Beginning with the line that holds "アンティーク家具　和製アンテ" and ending with the last line, please repeat the entries exactly and omit the pictures.

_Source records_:
◇ ◇ ◇ ◇ ◇

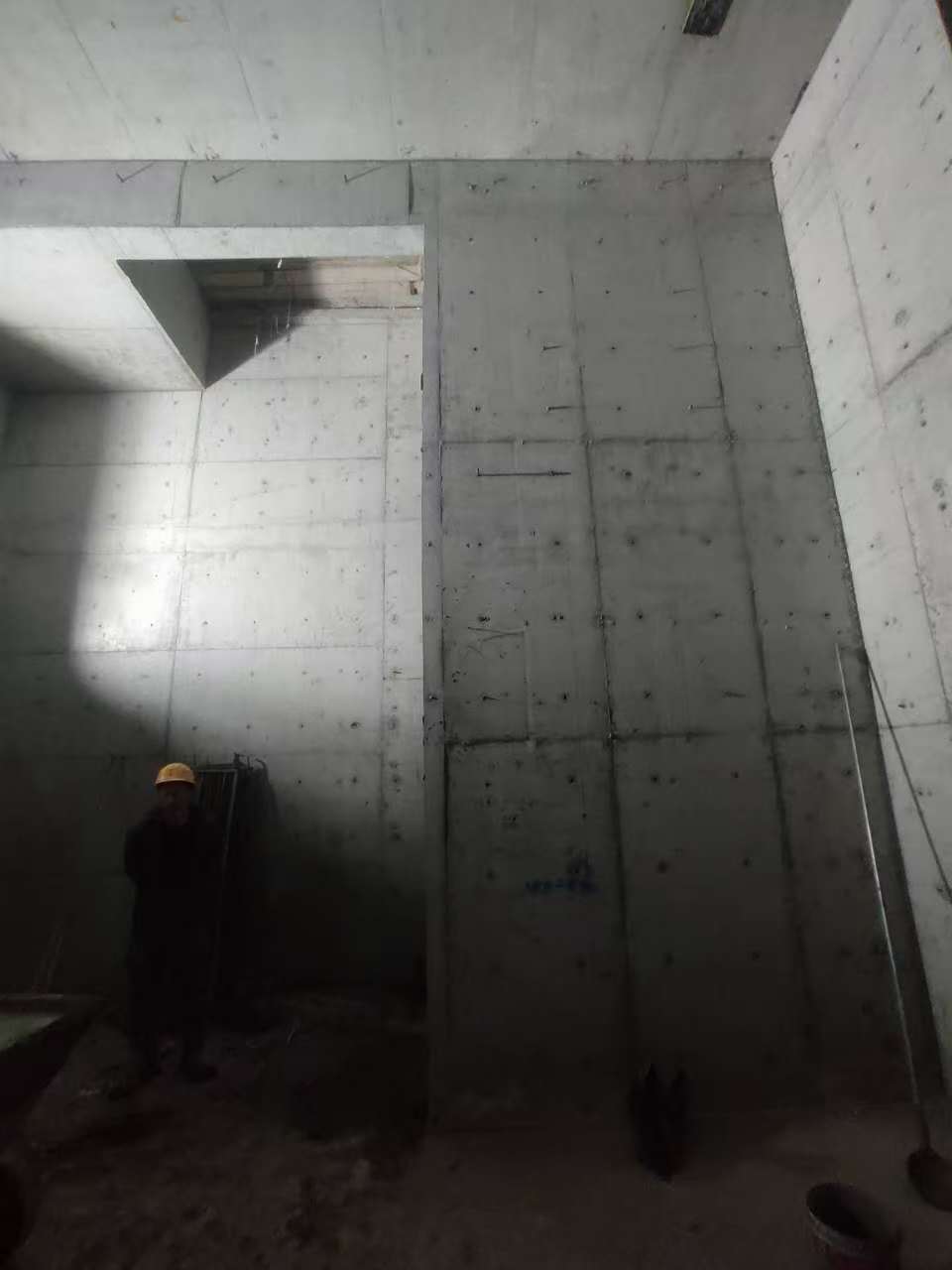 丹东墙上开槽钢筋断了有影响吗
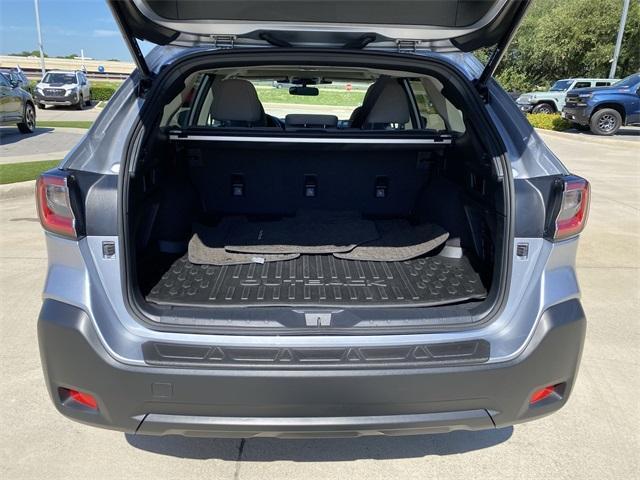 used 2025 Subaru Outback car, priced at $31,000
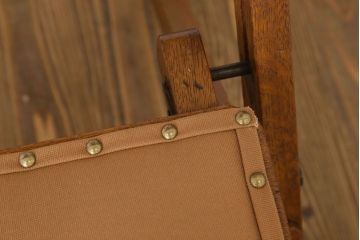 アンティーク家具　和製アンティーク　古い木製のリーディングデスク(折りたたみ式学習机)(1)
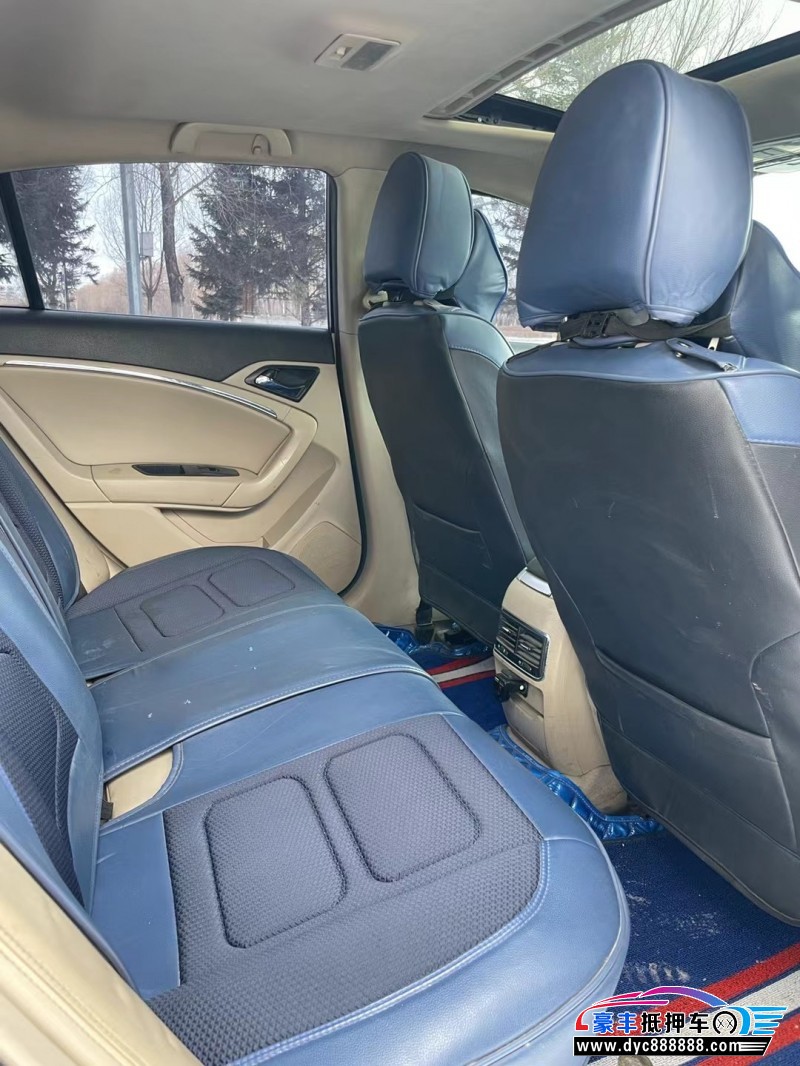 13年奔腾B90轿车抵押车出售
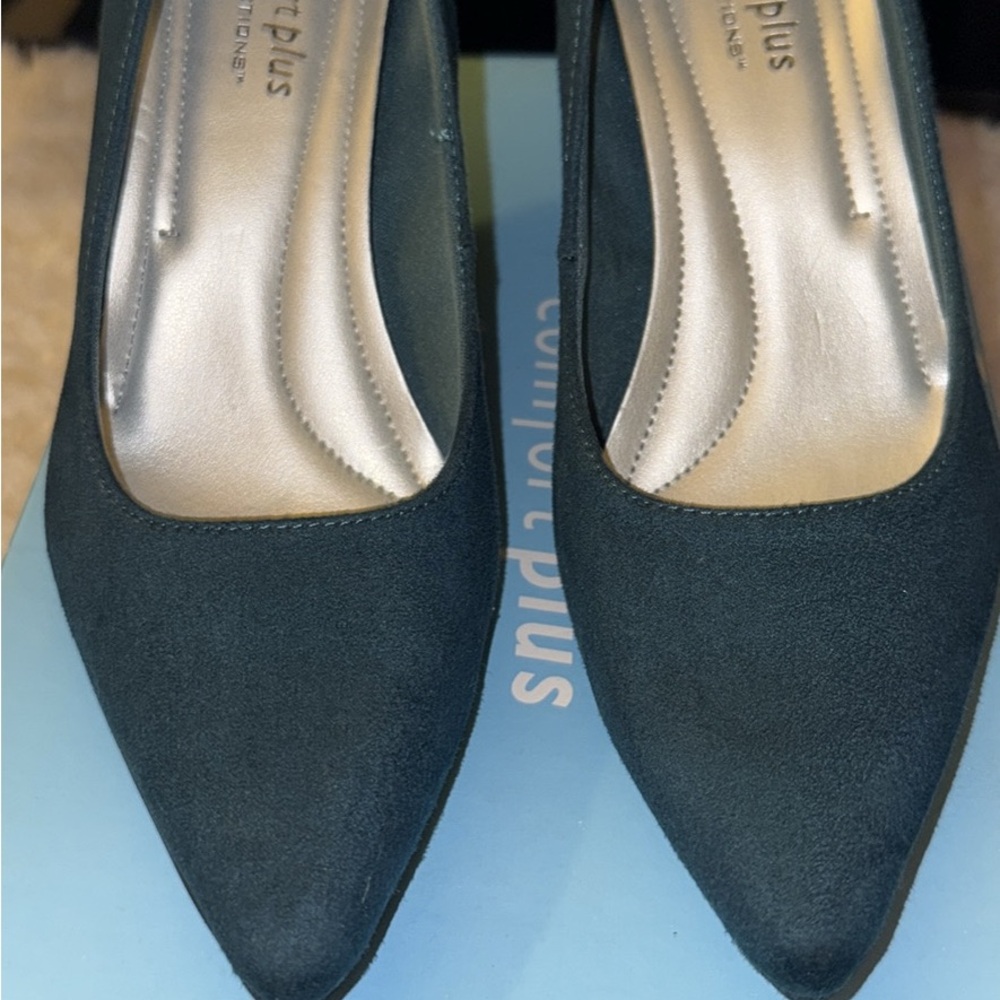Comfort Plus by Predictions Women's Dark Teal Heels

◇ ◇ ◇ ◇ ◇

_The answer_:
 アンティーク家具　和製アンティーク　古い木製のリーディングデスク(折りたたみ式学習机)(1)
 13年奔腾B90轿车抵押车出售
Comfort Plus by Predictions Women's Dark Teal Heels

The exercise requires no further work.